The Million IOPS Club Thread (Or more than 1 Million IOPS)

Notice: Page may contain affiliate links for which we may earn a small commission through services like Amazon Affiliates or Skimlinks.

Patrick

Administrator
Staff member
Dec 21, 2010
12,516
5,811
113
I know we have a lot of storage nuts on the STH forums. 1 million IOPS used to be something that was a big number. These days, 1 million IOPS is fairly easy to attain.

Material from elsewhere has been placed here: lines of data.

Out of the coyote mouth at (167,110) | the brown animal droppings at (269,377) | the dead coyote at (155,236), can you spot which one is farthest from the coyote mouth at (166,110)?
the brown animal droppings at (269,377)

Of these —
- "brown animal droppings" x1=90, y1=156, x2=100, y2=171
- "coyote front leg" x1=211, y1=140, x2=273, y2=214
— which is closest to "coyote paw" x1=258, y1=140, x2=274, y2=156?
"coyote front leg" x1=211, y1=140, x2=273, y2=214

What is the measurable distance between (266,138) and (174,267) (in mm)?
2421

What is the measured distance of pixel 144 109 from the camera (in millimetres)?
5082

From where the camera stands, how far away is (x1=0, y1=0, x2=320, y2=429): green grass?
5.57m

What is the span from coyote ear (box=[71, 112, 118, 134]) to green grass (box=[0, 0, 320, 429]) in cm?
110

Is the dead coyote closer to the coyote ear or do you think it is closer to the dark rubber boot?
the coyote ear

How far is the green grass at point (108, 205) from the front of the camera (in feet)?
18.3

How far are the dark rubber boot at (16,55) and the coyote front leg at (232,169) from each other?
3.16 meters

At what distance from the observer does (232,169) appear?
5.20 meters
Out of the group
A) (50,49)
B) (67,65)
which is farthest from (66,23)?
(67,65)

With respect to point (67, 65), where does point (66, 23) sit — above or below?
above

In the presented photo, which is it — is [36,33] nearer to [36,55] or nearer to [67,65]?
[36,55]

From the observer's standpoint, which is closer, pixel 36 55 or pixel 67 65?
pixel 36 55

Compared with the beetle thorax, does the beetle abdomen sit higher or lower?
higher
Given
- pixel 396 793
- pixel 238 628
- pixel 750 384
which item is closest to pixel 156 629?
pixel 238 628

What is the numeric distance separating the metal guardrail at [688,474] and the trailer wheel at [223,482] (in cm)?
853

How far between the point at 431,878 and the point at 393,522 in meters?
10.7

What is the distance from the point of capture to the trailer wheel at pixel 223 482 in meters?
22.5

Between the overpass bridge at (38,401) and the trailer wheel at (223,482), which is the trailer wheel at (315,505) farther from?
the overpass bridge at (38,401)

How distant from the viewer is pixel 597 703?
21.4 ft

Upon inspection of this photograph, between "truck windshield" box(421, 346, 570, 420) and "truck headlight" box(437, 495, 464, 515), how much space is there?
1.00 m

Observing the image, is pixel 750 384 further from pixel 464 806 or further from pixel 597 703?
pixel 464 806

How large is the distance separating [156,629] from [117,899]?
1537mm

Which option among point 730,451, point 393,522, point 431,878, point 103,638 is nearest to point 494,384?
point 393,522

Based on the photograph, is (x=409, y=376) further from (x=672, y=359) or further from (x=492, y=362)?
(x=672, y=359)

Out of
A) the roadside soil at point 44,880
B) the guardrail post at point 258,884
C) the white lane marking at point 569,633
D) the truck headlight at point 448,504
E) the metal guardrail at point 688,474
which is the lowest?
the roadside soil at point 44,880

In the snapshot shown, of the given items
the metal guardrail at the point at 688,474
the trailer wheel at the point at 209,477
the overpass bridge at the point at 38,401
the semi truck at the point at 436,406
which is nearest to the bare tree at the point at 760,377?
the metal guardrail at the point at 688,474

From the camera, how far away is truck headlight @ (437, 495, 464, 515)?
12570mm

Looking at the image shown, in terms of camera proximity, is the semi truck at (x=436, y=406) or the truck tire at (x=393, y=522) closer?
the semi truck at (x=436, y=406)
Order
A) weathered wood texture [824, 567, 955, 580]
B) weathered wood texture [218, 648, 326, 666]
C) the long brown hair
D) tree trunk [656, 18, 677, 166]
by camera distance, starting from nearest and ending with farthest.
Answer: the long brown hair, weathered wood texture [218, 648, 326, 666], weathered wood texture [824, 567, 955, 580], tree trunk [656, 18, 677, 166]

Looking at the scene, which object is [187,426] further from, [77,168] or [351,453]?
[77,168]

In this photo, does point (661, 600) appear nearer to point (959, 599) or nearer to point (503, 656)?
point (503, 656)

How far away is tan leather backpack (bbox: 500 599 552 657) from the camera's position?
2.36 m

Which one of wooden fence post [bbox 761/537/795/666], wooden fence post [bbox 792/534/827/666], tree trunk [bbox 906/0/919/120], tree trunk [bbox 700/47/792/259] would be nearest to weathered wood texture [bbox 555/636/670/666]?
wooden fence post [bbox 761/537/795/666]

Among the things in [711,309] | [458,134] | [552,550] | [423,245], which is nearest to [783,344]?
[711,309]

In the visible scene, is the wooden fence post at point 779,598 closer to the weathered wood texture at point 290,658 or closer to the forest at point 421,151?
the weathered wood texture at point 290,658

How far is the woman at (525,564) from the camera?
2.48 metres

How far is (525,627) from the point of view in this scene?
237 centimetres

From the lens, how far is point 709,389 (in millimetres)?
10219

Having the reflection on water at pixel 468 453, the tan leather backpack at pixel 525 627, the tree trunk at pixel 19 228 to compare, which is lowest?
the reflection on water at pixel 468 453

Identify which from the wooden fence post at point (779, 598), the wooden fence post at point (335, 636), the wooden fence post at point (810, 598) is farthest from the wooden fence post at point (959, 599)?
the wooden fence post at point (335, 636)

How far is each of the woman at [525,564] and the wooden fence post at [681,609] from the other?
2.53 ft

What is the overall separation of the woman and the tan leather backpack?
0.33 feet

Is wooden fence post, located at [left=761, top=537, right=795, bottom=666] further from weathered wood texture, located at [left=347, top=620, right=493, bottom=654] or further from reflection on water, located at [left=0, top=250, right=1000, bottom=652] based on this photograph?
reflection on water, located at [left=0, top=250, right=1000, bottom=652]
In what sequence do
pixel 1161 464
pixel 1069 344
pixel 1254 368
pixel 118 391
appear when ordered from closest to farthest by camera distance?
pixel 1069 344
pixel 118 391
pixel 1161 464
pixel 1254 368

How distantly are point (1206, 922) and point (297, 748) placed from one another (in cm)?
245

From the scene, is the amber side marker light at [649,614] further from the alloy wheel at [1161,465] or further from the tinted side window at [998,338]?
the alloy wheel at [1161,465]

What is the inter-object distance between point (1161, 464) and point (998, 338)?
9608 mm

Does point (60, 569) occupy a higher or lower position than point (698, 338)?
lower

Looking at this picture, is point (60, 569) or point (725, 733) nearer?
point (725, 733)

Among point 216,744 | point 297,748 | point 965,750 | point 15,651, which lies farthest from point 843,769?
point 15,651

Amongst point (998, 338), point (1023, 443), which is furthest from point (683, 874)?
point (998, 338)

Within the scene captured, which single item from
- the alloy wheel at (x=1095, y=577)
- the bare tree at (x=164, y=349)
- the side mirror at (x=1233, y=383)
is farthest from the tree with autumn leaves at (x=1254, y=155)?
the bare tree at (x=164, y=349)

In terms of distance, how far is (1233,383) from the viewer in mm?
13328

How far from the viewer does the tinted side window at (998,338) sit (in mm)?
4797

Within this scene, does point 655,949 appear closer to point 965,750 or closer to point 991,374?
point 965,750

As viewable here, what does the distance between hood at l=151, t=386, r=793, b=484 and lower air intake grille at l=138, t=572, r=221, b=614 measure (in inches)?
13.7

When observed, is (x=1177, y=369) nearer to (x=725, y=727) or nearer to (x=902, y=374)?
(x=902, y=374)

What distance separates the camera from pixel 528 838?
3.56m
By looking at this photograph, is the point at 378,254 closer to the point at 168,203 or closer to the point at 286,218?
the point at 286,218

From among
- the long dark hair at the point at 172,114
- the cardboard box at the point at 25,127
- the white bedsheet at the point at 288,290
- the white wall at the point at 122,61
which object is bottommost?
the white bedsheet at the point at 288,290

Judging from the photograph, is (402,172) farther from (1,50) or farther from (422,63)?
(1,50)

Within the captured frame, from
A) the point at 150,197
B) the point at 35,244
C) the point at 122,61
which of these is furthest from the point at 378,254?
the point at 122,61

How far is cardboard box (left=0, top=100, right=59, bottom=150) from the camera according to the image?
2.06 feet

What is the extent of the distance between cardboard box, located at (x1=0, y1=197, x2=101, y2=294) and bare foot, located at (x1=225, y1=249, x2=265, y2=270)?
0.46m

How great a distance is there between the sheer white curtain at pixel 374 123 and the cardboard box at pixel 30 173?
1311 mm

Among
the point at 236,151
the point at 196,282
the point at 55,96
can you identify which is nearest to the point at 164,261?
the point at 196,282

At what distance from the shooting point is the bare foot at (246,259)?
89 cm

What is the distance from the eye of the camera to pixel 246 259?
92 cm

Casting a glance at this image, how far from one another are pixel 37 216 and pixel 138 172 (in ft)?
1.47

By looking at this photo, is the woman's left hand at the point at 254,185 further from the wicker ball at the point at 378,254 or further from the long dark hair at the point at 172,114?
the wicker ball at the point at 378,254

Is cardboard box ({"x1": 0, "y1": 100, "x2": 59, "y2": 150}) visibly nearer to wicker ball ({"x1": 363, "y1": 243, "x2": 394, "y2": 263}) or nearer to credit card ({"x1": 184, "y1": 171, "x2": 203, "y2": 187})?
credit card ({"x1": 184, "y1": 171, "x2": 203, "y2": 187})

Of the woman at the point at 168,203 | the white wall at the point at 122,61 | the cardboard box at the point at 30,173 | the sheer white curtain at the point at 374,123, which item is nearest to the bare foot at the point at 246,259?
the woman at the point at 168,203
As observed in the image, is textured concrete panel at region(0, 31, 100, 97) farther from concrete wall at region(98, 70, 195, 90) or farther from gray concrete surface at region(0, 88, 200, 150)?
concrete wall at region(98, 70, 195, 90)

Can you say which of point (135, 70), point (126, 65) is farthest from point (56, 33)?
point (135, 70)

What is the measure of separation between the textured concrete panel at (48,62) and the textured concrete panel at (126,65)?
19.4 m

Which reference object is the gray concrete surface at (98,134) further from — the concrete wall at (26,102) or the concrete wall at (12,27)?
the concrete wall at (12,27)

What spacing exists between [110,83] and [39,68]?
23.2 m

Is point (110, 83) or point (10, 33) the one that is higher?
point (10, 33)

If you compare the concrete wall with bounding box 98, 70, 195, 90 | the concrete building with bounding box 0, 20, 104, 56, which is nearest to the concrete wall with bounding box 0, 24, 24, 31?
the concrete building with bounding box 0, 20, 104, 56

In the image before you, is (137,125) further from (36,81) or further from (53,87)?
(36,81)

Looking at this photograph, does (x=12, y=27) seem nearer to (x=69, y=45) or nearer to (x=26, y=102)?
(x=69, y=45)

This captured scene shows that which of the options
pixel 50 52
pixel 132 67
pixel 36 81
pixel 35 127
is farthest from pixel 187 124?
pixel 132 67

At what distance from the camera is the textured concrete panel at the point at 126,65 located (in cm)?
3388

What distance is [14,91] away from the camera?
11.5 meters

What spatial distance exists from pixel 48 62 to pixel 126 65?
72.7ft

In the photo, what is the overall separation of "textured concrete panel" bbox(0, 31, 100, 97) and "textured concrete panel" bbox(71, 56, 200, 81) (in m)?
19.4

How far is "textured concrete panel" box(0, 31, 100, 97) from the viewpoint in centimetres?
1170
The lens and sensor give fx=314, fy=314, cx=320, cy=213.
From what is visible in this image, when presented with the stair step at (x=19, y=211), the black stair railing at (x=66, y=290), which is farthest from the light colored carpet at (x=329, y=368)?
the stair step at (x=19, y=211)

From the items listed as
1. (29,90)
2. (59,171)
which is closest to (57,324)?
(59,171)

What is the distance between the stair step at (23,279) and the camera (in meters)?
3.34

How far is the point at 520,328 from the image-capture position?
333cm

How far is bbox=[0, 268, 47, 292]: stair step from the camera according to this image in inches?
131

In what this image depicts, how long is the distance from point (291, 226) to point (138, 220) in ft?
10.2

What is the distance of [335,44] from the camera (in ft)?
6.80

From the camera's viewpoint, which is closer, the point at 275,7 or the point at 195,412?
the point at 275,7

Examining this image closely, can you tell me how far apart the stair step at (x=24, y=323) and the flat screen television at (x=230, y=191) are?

How to see if your storage is part of the club:
  • FIO, IOMeter or another common benchmarking tool. Best practice is to do a heavy write pre-conditioning workload to get the drives to steady state.
  • As an example, use IOMeter 4K Random Read (100% read 100% random) on drives. For today's NAND NVMe drives you will need to pump up the QD to a high enough number (often QD128 or QD256) to reach peak performance.
  • Post system specs and screenshots of your entries to this thread. If you want, system price and date acquired are also good figures to have.
For those looking for simple read Iometer tests you can do the following on Windows:
  1. Download and extract Iometer 1.1.0
  2. Download and extract STHiometer zip for example read tests (note this does NOT have the pre-condition workloads)
  3. Run Iometer as administrator
  4. Delete the default Manager
  5. Open the STHiometer4k128kRead.icf profile from Iometer
  6. Add a manager
  7. Use 4 workers per disk (e.g. for 1 drive being tested you would have 4 workers, for 4 drives you would have 16) and ensure they are setup.
  8. Select a file name that is descriptive to save
  9. Get over 1 million IOPS (if you want the dashboard picture you can go to Results Display and click the > character on the right side to bring that view up.)
  10. If you want to speed things along, for NVMe NAND SSDs you will want to try tests 6, 7 and 13, 14 of 14 as those will effectively be at QD128 and QD256. For SATA SSDs you will want to look around test 3 and 4, 10 and 11. For lower QD figures. You can use the "next" button on the dashboard page to move to the next QD test.
Why do we not have all of the write workloads/ pre-conditioning in that profile? Our pre-conditioning scripts for STH testing can easily write over 100TB to a consumer grade-SSD. For many consumer drives that is a significant amount and I do not want to have someone run the tests a few times and use the majority of write endurance up on their drives.
 

Attachments

Last edited:

Patrick

Administrator
Staff member
Dec 21, 2010
12,516
5,811
113
Going first here.
  • System: Dell PowerEdge R930
  • RAM: 512GB RAM
  • CPU: 4x E7-8890 V4 Processors
  • OS: Windows Server 2012 R2
  • OS Drives: 2x 300GB SAS hard drives
  • Drives being tested: 8x Dell 400GB NVMe SSDs
  • Capacity being tested: 3.2TB
  • Acquire date: 9/ 2016
  • Approximate Cost: $50,000
Results
  • Tool Used: IOMeter
  • 4K Random IOPS: 3 million
upload_2016-9-13_8-27-24.png
  • 128K Sequential Read: 21GB/s
upload_2016-9-13_8-24-18.png
 
Last edited:

T_Minus

Build. Break. Fix. Repeat
Feb 15, 2015
7,641
2,058
113
OOh man, making me get some more NVME in baremetal :D for this 'test'.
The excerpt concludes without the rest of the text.